Task:
In the entries that follow, which lines hold the string "Chevrolet"? List them.

Short descriptive text snippets:
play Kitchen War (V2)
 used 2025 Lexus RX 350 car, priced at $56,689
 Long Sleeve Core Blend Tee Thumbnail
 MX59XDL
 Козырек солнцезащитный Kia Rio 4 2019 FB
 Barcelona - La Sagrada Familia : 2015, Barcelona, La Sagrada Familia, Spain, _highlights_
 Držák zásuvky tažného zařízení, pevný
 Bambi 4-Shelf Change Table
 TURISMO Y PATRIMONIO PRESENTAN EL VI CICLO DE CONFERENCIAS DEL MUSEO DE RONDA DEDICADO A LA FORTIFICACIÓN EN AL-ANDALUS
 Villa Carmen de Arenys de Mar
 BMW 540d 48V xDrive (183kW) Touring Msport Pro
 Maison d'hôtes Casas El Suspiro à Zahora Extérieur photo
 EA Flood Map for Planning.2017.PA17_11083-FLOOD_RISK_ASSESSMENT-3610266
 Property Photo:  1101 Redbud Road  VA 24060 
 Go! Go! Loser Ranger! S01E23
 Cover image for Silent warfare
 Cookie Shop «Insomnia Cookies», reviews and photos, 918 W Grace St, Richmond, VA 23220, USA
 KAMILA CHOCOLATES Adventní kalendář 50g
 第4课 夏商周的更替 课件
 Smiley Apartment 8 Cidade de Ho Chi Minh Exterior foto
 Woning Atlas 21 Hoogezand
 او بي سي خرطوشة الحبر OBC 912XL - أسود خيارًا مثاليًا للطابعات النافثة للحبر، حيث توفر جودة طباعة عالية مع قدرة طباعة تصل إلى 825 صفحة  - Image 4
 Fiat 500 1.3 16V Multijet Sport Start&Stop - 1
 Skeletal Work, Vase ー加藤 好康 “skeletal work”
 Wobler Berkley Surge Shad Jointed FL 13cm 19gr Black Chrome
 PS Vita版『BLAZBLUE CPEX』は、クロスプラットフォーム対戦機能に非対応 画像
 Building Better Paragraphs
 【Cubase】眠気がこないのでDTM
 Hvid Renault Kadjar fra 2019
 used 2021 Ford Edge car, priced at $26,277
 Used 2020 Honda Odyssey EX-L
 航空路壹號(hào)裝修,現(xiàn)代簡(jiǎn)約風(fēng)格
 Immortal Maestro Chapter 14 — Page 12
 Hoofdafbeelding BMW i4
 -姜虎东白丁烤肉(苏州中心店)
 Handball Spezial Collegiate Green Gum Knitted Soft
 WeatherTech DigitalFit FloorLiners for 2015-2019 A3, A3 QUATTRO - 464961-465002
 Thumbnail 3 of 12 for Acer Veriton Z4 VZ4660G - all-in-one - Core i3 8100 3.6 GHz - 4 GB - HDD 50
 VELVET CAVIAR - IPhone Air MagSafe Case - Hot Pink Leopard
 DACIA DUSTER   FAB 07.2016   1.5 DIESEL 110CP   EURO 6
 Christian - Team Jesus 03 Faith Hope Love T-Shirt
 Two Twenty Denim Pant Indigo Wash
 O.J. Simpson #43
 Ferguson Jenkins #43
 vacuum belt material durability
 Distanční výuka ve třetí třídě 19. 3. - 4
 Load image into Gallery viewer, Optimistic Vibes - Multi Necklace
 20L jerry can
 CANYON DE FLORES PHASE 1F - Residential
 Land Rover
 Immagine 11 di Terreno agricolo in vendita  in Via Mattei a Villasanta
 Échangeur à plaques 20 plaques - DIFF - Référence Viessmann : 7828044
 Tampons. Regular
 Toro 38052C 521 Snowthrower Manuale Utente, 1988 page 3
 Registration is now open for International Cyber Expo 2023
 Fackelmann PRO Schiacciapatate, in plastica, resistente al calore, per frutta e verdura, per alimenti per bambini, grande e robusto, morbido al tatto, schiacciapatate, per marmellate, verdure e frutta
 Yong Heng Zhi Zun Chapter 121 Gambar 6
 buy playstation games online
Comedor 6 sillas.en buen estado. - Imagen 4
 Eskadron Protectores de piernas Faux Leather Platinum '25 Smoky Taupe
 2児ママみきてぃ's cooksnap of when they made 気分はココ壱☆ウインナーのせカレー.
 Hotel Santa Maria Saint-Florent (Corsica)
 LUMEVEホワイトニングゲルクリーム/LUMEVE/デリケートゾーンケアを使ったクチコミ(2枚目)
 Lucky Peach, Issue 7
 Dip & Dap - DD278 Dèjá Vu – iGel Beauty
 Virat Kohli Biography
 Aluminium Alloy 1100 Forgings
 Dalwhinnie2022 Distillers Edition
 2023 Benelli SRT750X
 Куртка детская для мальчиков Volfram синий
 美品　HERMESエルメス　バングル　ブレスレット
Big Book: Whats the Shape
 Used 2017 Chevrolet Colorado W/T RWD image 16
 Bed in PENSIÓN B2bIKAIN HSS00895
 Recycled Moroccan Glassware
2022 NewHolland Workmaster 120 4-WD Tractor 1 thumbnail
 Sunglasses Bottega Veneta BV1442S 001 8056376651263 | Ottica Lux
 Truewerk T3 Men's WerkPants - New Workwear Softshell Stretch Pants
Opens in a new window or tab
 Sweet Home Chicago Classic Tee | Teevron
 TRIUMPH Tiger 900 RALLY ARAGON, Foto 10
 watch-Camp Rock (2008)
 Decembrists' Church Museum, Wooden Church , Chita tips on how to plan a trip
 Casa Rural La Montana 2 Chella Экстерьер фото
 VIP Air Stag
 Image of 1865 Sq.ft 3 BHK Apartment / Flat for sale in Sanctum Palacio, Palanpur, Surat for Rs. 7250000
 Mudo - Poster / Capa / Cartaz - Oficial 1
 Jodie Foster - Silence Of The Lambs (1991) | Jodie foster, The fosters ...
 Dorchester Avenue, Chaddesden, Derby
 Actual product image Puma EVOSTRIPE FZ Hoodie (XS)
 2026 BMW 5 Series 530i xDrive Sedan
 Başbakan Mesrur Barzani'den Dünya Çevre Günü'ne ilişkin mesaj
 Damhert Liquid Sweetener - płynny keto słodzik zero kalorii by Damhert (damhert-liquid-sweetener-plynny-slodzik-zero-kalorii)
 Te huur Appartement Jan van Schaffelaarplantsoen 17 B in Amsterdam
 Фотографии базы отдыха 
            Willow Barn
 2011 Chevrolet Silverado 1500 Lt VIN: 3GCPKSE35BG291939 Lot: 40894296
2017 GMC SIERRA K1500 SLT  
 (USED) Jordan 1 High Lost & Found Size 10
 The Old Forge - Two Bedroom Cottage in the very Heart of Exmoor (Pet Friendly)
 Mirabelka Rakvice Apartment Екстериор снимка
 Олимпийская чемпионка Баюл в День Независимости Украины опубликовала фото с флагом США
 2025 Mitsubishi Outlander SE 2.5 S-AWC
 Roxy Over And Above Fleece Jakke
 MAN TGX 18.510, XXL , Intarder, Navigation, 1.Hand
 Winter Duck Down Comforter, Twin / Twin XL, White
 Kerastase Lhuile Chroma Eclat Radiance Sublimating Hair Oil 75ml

Your response:
 Used 2017 Chevrolet Colorado W/T RWD image 16
 2011 Chevrolet Silverado 1500 Lt VIN: 3GCPKSE35BG291939 Lot: 40894296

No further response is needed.